Performance varied markedly across tasks, even among those with similar formal properties. For example, Pattern Matching (FSA) was solved with high accuracy, while Reversal (PDA) and Maze Solve (FSA) exhibited much lower performance. Traditional baselines (decision trees, kNN, MLP) outperformed ICL in several tasks, particularly under OOD conditions, challenging claims of LLM superiority in generalization.

Ablation Studies

Lexical Features

Randomizing prompt lexical content (Word Salad, SoT) had minimal impact on final accuracy in the limit, provided exemplars remained fixed. This indicates that LLMs rely more on statistical patterns in the data than on semantic understanding of the prompt.

Exemplar Positionality

Shuffling or randomizing exemplar order had negligible effect on accuracy, contradicting prior claims of LLM sensitivity to exemplar ordering.

Alternate Distributions

Imbalanced or randomly labeled exemplars did not degrade performance, but fully randomizing exemplars reduced accuracy, consistent with bias-variance tradeoff phenomena.

Compliance vs. Learning

Separating parsing errors from mislabeling revealed that compliance with output format can mask true learning performance, especially in prompts with high error rates.

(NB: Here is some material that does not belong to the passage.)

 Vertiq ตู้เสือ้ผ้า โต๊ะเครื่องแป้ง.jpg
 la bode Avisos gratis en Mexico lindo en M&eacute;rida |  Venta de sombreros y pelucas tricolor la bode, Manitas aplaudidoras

Figure 4: Comparison of compliance and learning metrics, showing the impact of parsing errors on perceived performance.

Discussion

The findings support the claim that ICL constitutes a form of learning, as defined by PAC theory, but with significant caveats. ICL's learning is tightly coupled to the autoregressive paradigm and the representativeness of the observed data. The ad hoc encoding mechanism—reliance on prompt and exemplars—limits cross-task generalizability and robustness to OOD inputs. Adaptive prompting strategies (CoT, APO) enhance performance in-distribution but increase brittleness to distributional shifts.

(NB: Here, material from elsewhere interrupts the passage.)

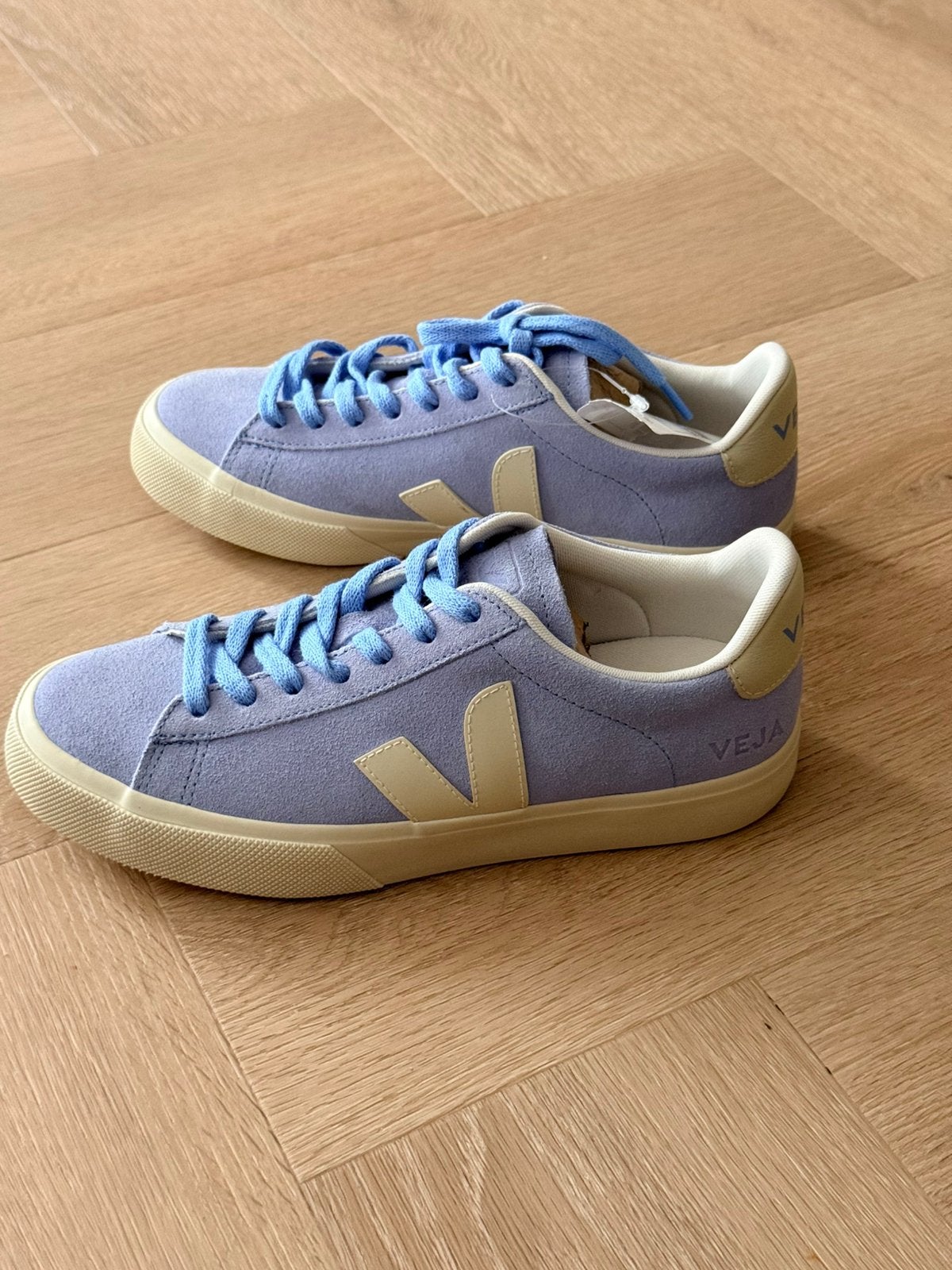 Veja Campo Suède Lichtblauw, Blauw, Nieuw, Veja, Ophalen of Verzenden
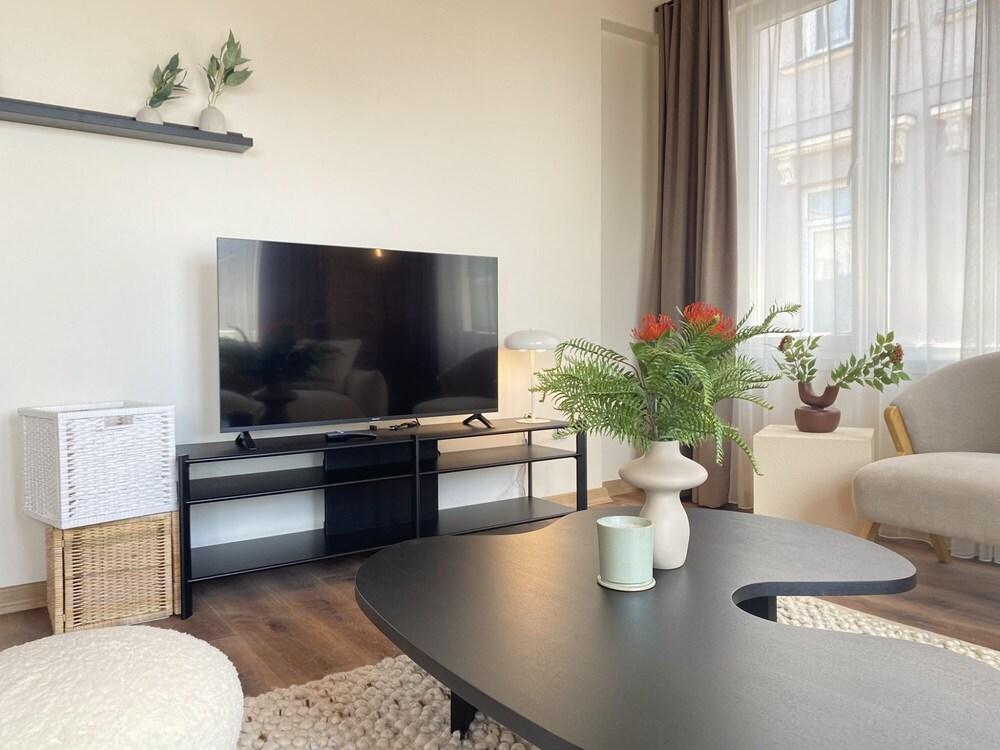 FLAT W CITY VIEW NEAR GALATA TOWER IN ISTIKLAL AVE — ISTANBUL — фотография отеля №4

The observed pathologies, such as overfitting to spurious features and inconsistent performance across formally similar tasks, mirror well-known issues in classical machine learning. The results also highlight the importance of comprehensive evaluation across multiple prompts, shots, and distributions to avoid spurious conclusions about LLM capabilities.

Implications and Future Directions

Practically, the paper suggests that deploying LLMs for unseen tasks via ICL requires careful consideration of exemplar quantity, prompt design, and distributional representativeness. Theoretically, it challenges the notion of emergent generalization in LLMs, emphasizing the limitations of autoregressive inference for robust learning.

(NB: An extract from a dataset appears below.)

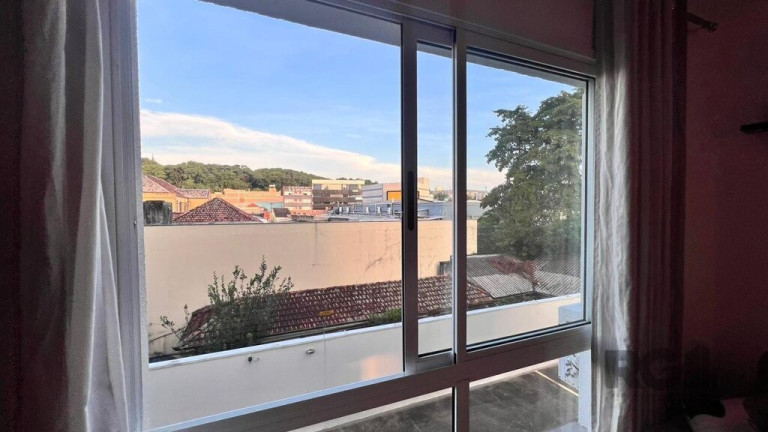 Imagem Imóvel com 1 Quarto à Venda,  em Menino Deus - Porto Alegre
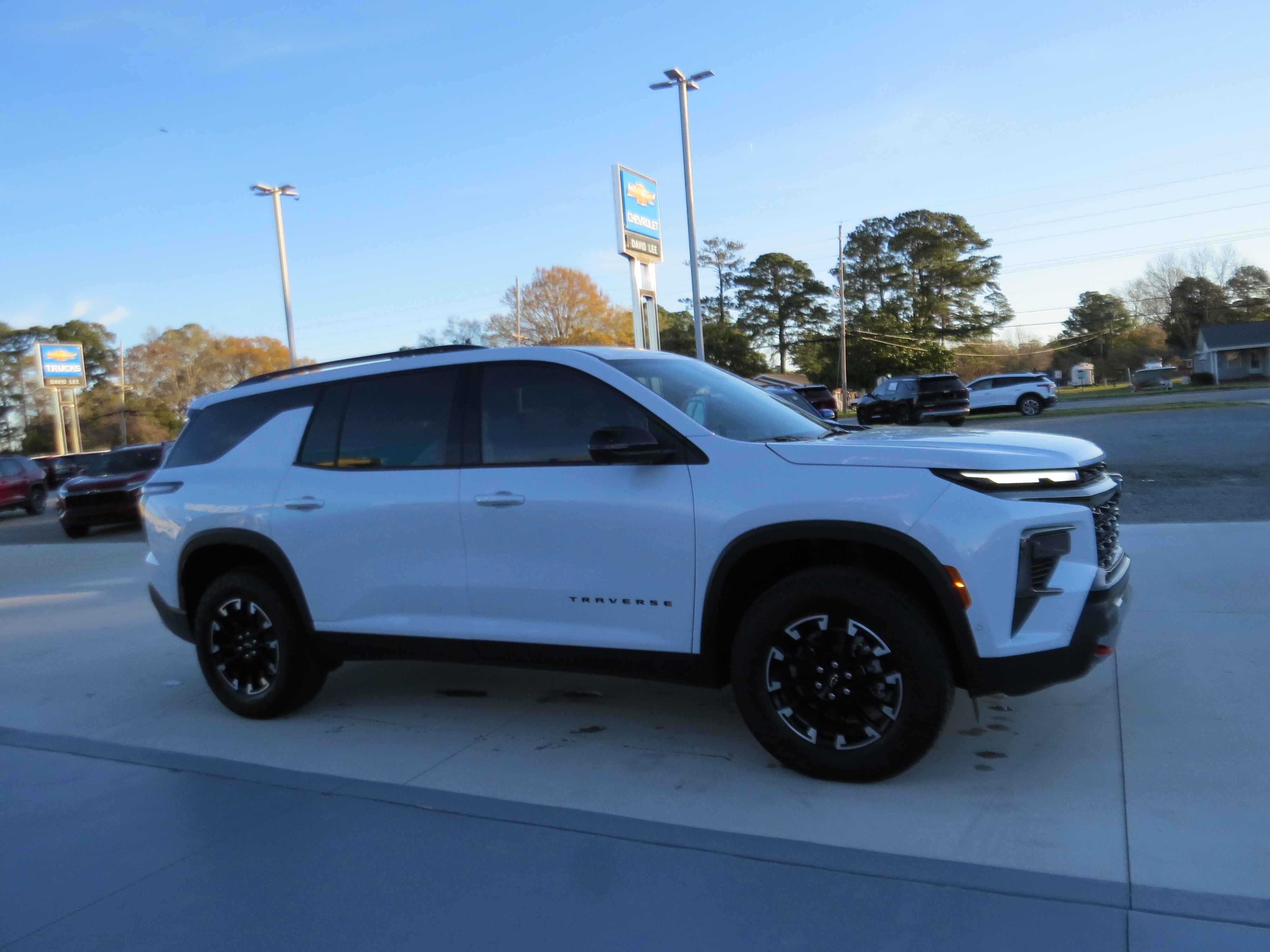 New 2026 Chevrolet Traverse Z71 w/ Enhanced Driving Package AWD/4WD image 6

Future research should explore reasoning models with baked-in CoT, their performance on context-sensitive languages, and further characterize the boundaries of ICL as a learning paradigm. The brittleness to OOD and inconsistency across tasks underscore the need for more principled approaches to prompt engineering and evaluation.

Conclusion

This work provides a comprehensive empirical and theoretical characterization of ICL in LLMs, demonstrating that while ICL is a valid learning mechanism, its generalization and robustness are fundamentally constrained by the autoregressive paradigm and the statistical properties of the prompt and exemplars. The nuanced accuracy trends, sensitivity to OOD, and prompt dependence have significant implications for both the deployment and evaluation of LLMs in real-world and research settings.